Here's What You'll Learn Today
Important FedEx and UPS Peak season surcharge effective dates for 2025-2026
Peak surcharge details
Who is most likely to be impacted by peak surcharges
Planning for Peak season
Ship dates for Christmas Day delivery
How to mitigate package surcharges
Peak vs Demand Surcharges - What’s the difference?
In simple terms, peak refers to the predictable shipping rushes each year—usually around the holidays—when volumes climb sharply. Demand, on the other hand, means any period when carriers face higher-than-usual shipping requests. In practice, unless there’s some extraordinary event driving demand, these periods often line up.
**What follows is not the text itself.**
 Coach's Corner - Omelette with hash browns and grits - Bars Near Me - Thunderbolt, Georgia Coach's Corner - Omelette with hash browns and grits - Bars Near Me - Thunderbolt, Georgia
That’s why the two terms are often used interchangeably.
UPS makes this explicit in its 2025 Rate and Service Guide, where it states that the term “Demand Surcharges” includes both “peak/demand surcharges” and “peak surcharges,” and that the terms are interchangeable. FedEx has taken it a step further: as of September 4, 2023, they dropped the word “peak” altogether and now only use “demand” to describe these surcharges. ⁴
Why the name change? Could it be that carriers are leaving room to tack on more surcharges? By using “demand” instead of “peak,” they can define their own high-demand periods, rather than sticking only to the well-known, industry-wide peak season dates.
Latest Announcements on FedEx and UPS Peak Surcharges
Recently, on August 28, 2025, UPS updated their Demand Surcharges, getting shippers ready to pay more for the privilege of using its network during peak season. FedEx made its update earlier, on July 8, 2025.
Shippers should not dismiss these surcharges or resign themselves to the fate of higher fees. They must study them closely, understand the potential impact, and develop the best strategies for mitigation.
Peak Season Timelines for 2025-2026
The peak shipping period for 2025–2026, as in most years, falls during the holiday season, running from late October through early January. However, UPS and FedEx don’t wait that long. Their demand surcharges kick in at the end of September and extend into mid-January.
2025-2026 UPS & FedEx Peak Season Demand Surcharges
FedEx and UPS Demand Surcharge Comparison
The following is a side-by-side comparison of the UPS and FedEx demand surcharges that apply to the services shown on the outlined dates (does not apply to ground commercial):
FedEx Peak Season Size and/or Weight Related Surcharges

FedEx Demand — Residential Delivery Charge
This surcharge works differently from most others. Instead of a flat fee, it’s dynamic, changing week by week based on the customer’s shipping volume.
Who It Applies To
Enterprise-level customers who ship more than 20,000 residential* and FedEx Ground Economy packages (U.S. domestic) in a given “calculation week.”
Important to Note: The Demand – Residential Delivery Charge is applied in addition to the standard Residential Delivery Charge, not as a replacement. That means:
Both surcharges may apply to the same shipment.
Any discounts or caps in your contract for the standard Residential Delivery Charge do not apply to the Demand – Residential Delivery Charge.
How It Works
The process involves two parts: a calculation week and an application week.
Step 1: During the calculation week, FedEx measures how many residential and Ground Economy packages you shipped.
If that week has a holiday, FedEx adjusts your volume to account for the one less operating day. Example: say you ship 17,000 packages in a 4-day week (because of a holiday). FedEx will normalize it like this:
[17,000 5 (days)] / [4 (days)] = 21,250
So even though you only shipped 17,000, they treat it as 21,250 for that week, which means instead of staying under the threshold, you now get hit with the surcharge.
Step 2: A peaking factor (PF) is then calculated using this formula:
PF = [(No. of Residential* and FedEx Ground Economy packages shipped during calculation week) / (Weekly average Residential* and FedEx Ground Economy packages shipped between June 2, 2025-June 29, 2025)] X100
Step 3: The peaking factor, shown as a percentage in the table below, is used to determine the surcharge amount for the application week, which comes two weeks later. The amount charged depends on which FedEx service was used.
*FedEx One Rate packages are excluded.

In the 2025-2026 peak season, the FedEx Demand — Residential Delivery Charge can range from $1.55 per package up to $8.75 per package.
To get more details on FedEx peak surcharges, visit FedEx.com here.
UPS Peak Season Size and/or Weight Related Surcharges

UPS Demand Surcharge
This demand surcharge applies to all UPS Air, UPS Ground Residential, and UPS Ground Saver (formerly UPS SurePost) shipments, as outlined below.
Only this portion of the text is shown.